THE BIG BANG -- What is that..?


THE BIG BANG -- What is that..?

The European Organisation
for Nuclear Research, known as CERN, will on Wednesday begin an experiment to
recreate conditions just after the Big Bang, which scientists believe gave birth
to the universe.


Its
Large Hadron Collider (LHC) will seek to collide two beams of particles at close
to the speed of light. Scientists plan to circulate a beam in one direction
around the accelerator on September 10, and later send beams both ways to cause
collisions.


Following are some facts about the Big Bang and CERN's
particle-smashing experiment.:




RECREATING THE BIG BANG:


The final tests involved pumping a single bunch of energy particles
from the project's accelerator into the 27-km (17-mile) beam pipe of the
collider and steering them counter-clockwise around it for about 3 km (2 miles).

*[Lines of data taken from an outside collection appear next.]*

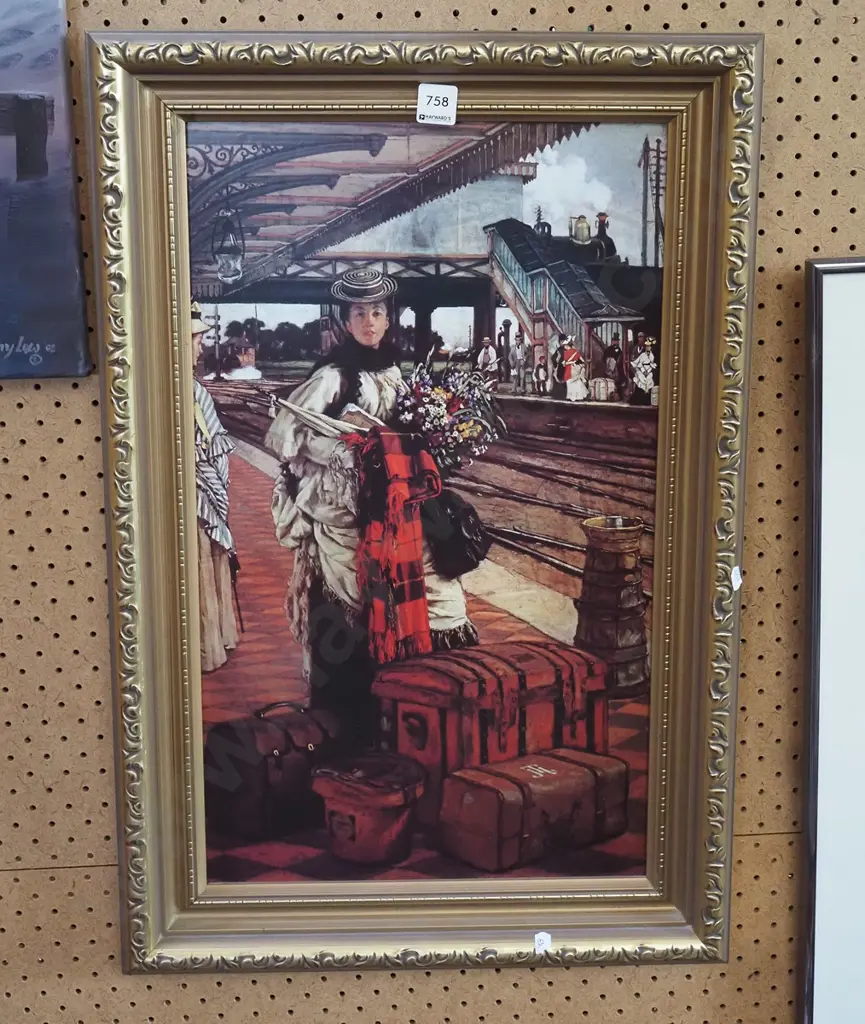 gilt-framed print - Tissot’s "Waiting for the Train (Willesden Junction)" Image 1++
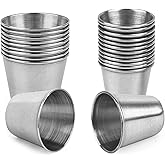 AUEAR, 20 Pack 1 and 1.5 Ounce Stainless Steel Shot Cups Metal Glasses Drinking Vessel Tumbler Barware for Home Bar Party Restaurant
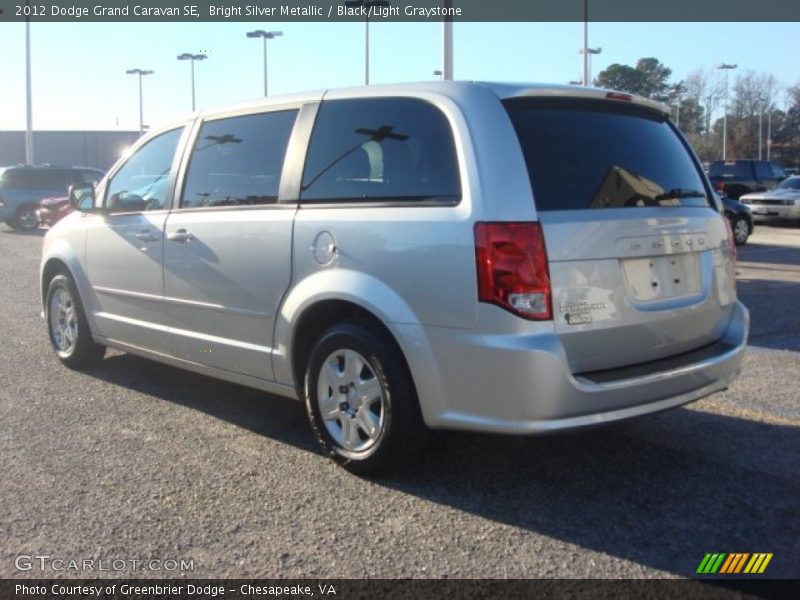 Bright Silver Metallic / Black/Light Graystone 2012 Dodge Grand Caravan SE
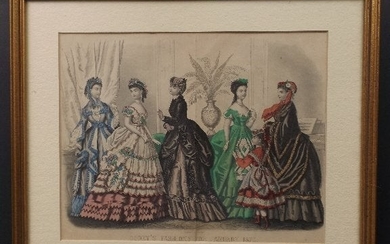 Godey Fashions January 1870, Hand Colored engraving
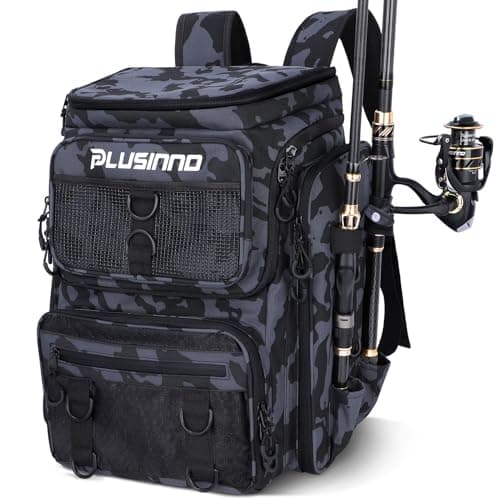 PLUSINNO Fishing Tackle Backpack with Rod Holders, 42L product photo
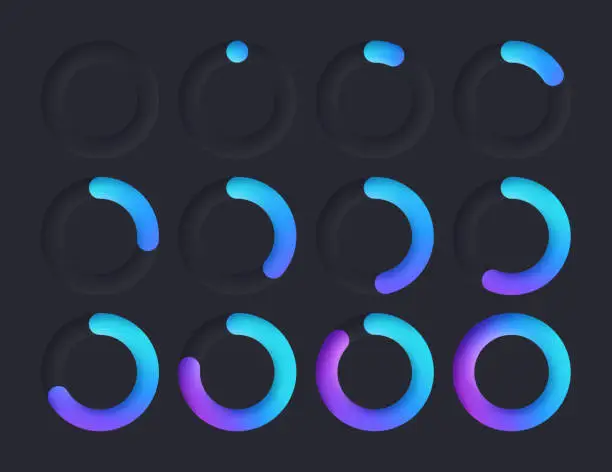 Vector illustration of Progress Percentage Circle Neumorphic Design Elements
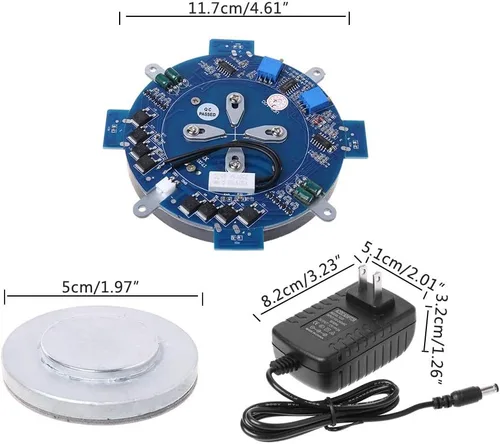 Miniatura 2 de Módulo de levitación magnética Kit de núcleo de bricolaje con lámpara LED Plataforma de carga máxima de 17.64 oz para máquina de levitación magnética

The collider aims to simulate conditions milliseconds after the "Big
Bang" which created the universe around 13.7 billion years ago.



The
collisions, in which both particle clusters will be travelling at the speed of
light, will be monitored on computers at CERN and laboratories around the world
by scientists looking for, among other things, a particle that made life
possible.



The elusive particle, which has been dubbed the "Higgs
Boson" after Scottish physicist Peter Higgs who first postulated nearly 50 years
ago that it must exist, is thought to be the mysterious factor that holds matter
together.



WHAT IS THE BIG BANG?


Recreating a "Big Bang," which most scientists believe is the only
explanation of an expanding universe, ought to show how stars and planets came
together out of the primeval chaos that followed, the CERN team believe.




Its essential feature is the emergence of the universe from a tiny
speck about the size of a coin but in a state of extremely high temperature and
density.



The name "Big Bang" was coined in 1949 by British scientist
Fred Hoyle to disparage a then emerging theory about origins that countered his
own "steady state" view: that the universe had always existed and was evolving
but not expanding.



According to the Big-Bang model, the universe
expanded rapidly from a highly compressed primordial state, which resulted in a
significant decrease in density and temperature. Soon afterward, the dominance
of matter over antimatter (as observed today) may have been established by
processes that also predict proton decay. During this stage many types of
elementary particles may have been present. After a few seconds, the universe
cooled enough to allow the formation of certain nuclei.



The theory
predicts that definite amounts of hydrogen, helium, and lithium were produced.
Their abundances agree with what is observed today. About 1,000,000 years later
the universe was sufficiently cool for atoms to form.